What is the equation of the line passing through (3, 4) with slope 2?

The equation of the line passing through (3, 4) with slope 2 is \( y = 2x - 2 \).

To find the equation of a line, we use the slope-intercept form, which is \( y = mx + c \), where \( m \) is the slope and \( c \) is the y-intercept. Given the slope \( m = 2 \) and a point on the line (3, 4), we can substitute these values into the equation to find \( c \).

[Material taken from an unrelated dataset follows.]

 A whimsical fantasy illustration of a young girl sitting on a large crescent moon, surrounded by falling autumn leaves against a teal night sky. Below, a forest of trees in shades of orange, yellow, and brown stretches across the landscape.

First, substitute the slope \( m = 2 \) into the equation:
\[ y = 2x + c \]

Next, use the point (3, 4) to find \( c \). Substitute \( x = 3 \) and \( y = 4 \) into the equation:
\[ 4 = 2(3) + c \]

Simplify the equation:
\[ 4 = 6 + c \]

To find \( c \), subtract 6 from both sides:
\[ c = 4 - 6 \]
\[ c = -2 \]

Now, substitute \( c = -2 \) back into the slope-intercept form:
\[ y = 2x - 2 \]

So, the equation of the line passing through the point (3, 4) with a slope of 2 is \( y = 2x - 2 \). This equation tells us that for every unit increase in \( x \), \( y \) increases by 2 units, and the line crosses the y-axis at -2.